____ DATA TO USE
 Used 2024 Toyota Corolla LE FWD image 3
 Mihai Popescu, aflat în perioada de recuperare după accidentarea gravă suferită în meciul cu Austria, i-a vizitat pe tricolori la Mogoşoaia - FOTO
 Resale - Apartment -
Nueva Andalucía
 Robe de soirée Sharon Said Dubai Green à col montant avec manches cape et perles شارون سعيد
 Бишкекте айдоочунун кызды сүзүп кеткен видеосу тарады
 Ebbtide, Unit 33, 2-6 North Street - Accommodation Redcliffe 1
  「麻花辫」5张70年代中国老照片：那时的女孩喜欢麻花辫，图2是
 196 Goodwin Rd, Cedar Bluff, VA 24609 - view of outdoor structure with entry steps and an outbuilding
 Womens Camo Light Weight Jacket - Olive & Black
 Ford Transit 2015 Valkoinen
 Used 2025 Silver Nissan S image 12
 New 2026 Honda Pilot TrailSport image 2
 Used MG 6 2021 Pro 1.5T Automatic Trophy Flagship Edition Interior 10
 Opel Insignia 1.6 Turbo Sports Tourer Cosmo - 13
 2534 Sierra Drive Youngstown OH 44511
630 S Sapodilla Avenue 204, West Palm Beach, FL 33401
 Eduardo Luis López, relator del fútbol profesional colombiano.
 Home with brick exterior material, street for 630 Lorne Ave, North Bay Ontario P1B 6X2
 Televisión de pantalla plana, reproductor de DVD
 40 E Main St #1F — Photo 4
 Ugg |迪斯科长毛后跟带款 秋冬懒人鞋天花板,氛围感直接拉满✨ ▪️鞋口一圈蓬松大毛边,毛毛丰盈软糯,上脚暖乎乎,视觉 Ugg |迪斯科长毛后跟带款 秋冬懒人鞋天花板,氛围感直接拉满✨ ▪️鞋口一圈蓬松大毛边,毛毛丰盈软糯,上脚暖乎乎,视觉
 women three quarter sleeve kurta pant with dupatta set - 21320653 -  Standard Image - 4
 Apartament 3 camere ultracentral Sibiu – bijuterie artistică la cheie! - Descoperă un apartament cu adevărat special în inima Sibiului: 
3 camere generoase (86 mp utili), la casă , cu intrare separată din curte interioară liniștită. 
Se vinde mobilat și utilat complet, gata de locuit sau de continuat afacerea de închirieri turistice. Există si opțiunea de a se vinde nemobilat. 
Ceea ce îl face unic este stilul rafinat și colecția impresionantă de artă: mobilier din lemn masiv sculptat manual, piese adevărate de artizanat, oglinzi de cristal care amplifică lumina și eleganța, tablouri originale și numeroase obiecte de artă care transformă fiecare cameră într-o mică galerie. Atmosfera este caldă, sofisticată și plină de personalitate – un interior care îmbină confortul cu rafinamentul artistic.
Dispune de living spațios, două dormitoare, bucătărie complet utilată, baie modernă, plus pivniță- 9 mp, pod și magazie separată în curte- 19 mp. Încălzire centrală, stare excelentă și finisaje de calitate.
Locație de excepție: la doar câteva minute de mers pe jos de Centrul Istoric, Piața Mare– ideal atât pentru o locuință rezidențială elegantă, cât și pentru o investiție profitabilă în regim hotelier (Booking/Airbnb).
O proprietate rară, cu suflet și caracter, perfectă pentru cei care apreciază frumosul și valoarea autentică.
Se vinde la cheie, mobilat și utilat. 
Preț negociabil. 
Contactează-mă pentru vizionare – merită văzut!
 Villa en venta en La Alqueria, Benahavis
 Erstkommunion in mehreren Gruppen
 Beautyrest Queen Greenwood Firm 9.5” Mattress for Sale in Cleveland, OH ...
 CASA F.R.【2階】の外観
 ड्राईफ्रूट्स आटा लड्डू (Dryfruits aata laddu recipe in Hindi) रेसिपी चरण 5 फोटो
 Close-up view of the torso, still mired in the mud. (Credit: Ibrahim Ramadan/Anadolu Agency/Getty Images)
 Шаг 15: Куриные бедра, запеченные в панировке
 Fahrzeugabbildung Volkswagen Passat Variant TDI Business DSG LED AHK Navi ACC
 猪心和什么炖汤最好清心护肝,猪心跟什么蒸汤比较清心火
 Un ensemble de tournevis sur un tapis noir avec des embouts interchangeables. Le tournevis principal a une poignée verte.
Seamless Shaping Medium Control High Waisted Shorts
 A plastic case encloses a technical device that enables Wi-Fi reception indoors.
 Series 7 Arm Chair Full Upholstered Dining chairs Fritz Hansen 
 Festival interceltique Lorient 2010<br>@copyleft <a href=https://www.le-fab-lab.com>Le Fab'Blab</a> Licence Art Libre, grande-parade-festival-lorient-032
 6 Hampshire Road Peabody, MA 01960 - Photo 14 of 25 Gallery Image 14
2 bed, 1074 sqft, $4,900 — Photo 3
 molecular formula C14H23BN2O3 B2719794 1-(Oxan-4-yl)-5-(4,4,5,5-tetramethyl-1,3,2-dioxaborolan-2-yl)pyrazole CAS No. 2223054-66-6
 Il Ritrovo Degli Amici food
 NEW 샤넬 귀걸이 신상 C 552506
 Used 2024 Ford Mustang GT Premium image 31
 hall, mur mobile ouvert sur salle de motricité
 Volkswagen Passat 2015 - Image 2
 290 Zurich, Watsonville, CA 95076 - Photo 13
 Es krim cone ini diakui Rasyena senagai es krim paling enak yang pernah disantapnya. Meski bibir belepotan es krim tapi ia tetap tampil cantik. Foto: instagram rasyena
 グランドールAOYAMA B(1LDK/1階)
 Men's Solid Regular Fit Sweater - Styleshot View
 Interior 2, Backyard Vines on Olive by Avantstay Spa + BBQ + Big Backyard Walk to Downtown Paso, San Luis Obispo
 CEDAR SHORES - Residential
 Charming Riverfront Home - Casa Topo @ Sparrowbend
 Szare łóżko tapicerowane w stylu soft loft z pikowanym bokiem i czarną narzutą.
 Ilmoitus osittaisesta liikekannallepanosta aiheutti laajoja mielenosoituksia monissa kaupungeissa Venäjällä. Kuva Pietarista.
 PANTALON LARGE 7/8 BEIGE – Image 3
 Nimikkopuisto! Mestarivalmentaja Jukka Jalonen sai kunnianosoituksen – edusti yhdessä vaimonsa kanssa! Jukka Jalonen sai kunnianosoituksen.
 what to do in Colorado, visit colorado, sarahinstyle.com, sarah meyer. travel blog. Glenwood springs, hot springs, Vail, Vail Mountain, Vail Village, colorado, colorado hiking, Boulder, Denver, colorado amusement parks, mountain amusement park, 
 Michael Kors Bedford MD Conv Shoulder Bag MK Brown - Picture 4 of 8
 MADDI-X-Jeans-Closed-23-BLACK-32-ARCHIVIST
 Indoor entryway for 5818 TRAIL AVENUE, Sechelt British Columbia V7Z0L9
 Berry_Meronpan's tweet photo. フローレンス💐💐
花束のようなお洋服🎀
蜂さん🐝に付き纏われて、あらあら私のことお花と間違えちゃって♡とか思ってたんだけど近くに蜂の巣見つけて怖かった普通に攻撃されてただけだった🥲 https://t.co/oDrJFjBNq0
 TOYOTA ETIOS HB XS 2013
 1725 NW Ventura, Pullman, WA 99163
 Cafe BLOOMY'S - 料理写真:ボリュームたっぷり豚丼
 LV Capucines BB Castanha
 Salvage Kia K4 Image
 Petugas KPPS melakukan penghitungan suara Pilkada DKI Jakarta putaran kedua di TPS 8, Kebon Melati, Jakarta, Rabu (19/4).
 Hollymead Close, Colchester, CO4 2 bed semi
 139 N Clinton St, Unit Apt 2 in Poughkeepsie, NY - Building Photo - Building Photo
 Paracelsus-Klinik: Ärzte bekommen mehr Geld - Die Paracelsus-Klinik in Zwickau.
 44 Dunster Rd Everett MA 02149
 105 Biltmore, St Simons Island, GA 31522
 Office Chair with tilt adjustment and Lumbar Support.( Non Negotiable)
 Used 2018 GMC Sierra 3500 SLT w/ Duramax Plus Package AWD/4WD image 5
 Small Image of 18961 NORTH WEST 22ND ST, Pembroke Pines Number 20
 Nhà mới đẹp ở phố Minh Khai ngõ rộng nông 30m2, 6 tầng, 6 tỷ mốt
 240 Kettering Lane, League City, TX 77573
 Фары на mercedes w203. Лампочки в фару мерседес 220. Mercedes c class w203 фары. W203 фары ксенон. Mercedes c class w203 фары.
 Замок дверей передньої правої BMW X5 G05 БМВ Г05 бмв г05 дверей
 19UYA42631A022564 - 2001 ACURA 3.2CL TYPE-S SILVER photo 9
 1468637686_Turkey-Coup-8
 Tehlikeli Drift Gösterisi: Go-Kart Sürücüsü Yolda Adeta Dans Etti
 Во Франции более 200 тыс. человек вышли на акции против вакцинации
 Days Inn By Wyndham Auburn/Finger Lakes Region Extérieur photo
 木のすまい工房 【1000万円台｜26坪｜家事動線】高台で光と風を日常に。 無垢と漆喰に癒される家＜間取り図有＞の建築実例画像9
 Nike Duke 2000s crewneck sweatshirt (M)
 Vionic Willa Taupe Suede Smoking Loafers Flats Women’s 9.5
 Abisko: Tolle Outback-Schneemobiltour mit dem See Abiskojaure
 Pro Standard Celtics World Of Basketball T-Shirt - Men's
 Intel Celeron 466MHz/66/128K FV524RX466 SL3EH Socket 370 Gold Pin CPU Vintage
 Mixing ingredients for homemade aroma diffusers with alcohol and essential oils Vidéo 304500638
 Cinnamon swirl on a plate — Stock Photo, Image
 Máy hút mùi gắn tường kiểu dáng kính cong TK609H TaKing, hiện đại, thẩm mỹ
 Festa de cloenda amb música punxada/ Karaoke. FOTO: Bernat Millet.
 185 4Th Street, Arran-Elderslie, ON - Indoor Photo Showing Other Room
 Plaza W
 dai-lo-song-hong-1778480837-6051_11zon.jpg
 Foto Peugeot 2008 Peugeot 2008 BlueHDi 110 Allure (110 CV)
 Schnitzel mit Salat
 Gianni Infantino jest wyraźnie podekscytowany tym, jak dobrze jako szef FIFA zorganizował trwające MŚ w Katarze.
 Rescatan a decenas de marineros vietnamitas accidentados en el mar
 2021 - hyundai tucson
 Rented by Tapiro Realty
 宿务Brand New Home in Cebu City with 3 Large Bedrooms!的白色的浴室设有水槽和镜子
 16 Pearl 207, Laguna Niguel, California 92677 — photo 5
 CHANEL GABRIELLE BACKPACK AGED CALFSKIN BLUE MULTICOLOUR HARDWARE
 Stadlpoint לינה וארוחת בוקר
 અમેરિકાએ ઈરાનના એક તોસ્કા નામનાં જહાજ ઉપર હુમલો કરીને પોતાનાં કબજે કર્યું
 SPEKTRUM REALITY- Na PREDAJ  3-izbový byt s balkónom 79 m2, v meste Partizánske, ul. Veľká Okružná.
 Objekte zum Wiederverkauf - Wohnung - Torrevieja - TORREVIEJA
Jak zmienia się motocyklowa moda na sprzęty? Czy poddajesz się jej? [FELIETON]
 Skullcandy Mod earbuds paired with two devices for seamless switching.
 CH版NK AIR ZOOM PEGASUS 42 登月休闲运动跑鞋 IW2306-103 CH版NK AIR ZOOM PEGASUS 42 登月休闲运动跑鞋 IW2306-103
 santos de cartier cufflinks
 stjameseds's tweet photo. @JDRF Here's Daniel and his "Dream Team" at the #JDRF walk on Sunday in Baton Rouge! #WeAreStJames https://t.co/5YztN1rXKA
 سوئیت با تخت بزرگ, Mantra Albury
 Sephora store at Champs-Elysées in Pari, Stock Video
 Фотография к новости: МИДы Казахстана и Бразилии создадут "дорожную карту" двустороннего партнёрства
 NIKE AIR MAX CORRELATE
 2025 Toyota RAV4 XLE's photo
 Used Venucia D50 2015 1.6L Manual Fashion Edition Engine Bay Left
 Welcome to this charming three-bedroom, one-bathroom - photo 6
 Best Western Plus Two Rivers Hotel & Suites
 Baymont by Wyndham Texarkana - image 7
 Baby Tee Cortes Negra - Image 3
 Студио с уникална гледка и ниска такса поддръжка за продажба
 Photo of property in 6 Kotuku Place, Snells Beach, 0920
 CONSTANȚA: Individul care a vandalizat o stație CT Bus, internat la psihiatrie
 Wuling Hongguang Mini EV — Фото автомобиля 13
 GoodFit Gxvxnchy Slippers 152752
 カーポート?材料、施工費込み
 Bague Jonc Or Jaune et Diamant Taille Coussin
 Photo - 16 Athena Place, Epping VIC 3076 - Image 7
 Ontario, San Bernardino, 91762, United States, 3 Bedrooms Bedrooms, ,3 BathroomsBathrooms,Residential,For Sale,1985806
________
WHAT THE TASK ASKS:
Copy the records above exactly, beginning at the line that contains "MADDI-X-Jeans-Closed-23-BLACK-32-ARCHIVIST" and stopping after the line that contains "Salvage Kia K4 Image".

EXERCISE OUTPUT:
 MADDI-X-Jeans-Closed-23-BLACK-32-ARCHIVIST
 Indoor entryway for 5818 TRAIL AVENUE, Sechelt British Columbia V7Z0L9
 Berry_Meronpan's tweet photo. フローレンス💐💐
花束のようなお洋服🎀
蜂さん🐝に付き纏われて、あらあら私のことお花と間違えちゃって♡とか思ってたんだけど近くに蜂の巣見つけて怖かった普通に攻撃されてただけだった🥲 https://t.co/oDrJFjBNq0
 TOYOTA ETIOS HB XS 2013
 1725 NW Ventura, Pullman, WA 99163
 Cafe BLOOMY'S - 料理写真:ボリュームたっぷり豚丼
 LV Capucines BB Castanha
 Salvage Kia K4 Image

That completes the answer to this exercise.